Enter: Eleanor of Aquitaine (1122-1204).


There are few personalities for 500 years or more on either side of her that can compete for sheer spellbinding dominance.  I’m on record as saying that had I lived in that era, she is the one person to whom I’d willingly bend the knee.  But much like Arthur himself, there’s a lot of myth and legend that goes with Eleanor, so let that be your caveat here.  We don’t even have a solid idea of what she looked like outside of her tomb effigy.  Regardless of how you choose to mythologize her or not, Eleanor was a fascinating individual.  In terms relevant to our purposes here, Eleanor used her court to promote a concept that now goes hand-in-gauntlet with our understanding of knighthood due to her efforts: chivalry.  This wasn’t a new concept by any stretch of imagination, but it was such that seemed so very out of reach because the average noble was at that time little better than a bully.  Tales of Charlemagne were popular, the great man having lived and died a couple hundred years ago by this point, and those were oft told in response to a figure who had emerged from the mists of legend: King Arthur.  Tales of Arthur weren’t nearly as numerous then as they are now , but they did exist, and they provided a template that Eleanor could use as propaganda in her court to shame those who needed it into serving a higher example.  To borrow the idea from Spider-Man, “With great power comes great responsibility.”  In other words, the social elites who proclaimed themselves better than commoners were expected to prove it at every turn.

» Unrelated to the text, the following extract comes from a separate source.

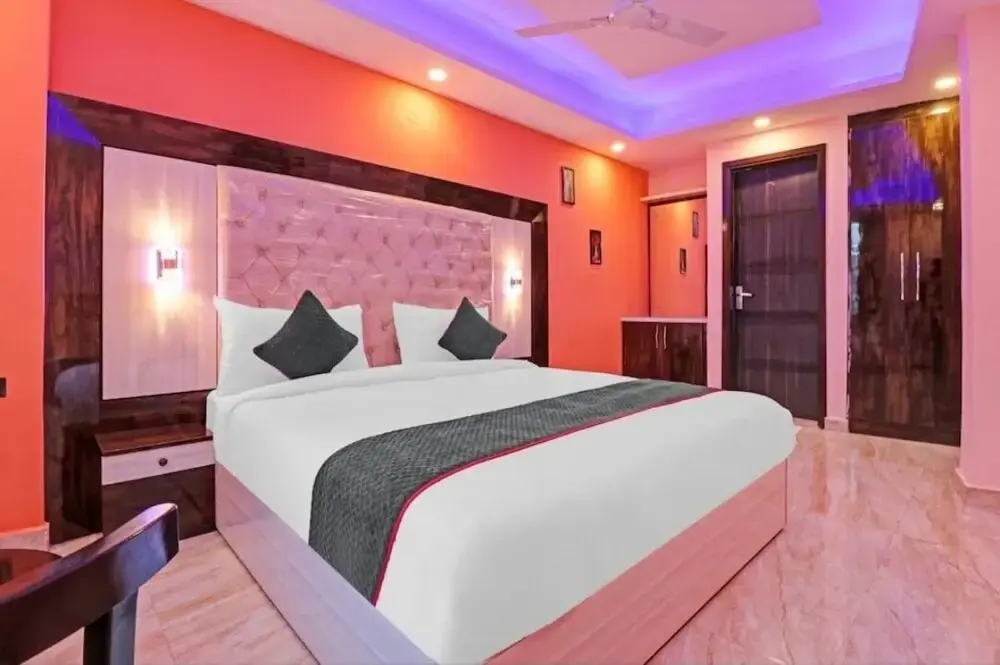 Foto - Airport Hotel Shivaka Inn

Chrétien de Troyes (1130-1191), a trouvère whose name lives on today for his Arthurian romances, wrote in patronage to Marie of France, Countess of Champagne (1145-1198), eldest daughter of Eleanor of Aquitaine by King Louis VII of France (1120-1180).  From Chrétien’s pen, Arthur would live again in the popular imagination, bolstered by his creation and development of the pinnacles of chivalry: Lancelot and Perceval.  Eleanor quickly seized upon the example of these stories and promoted their circulation with her court as though to dare any knight to step beyond the bounds of Courtly Romance.  The idea worked far better than she might have hoped, to the point where the concept overpowers the reality to this day in the popular imagination.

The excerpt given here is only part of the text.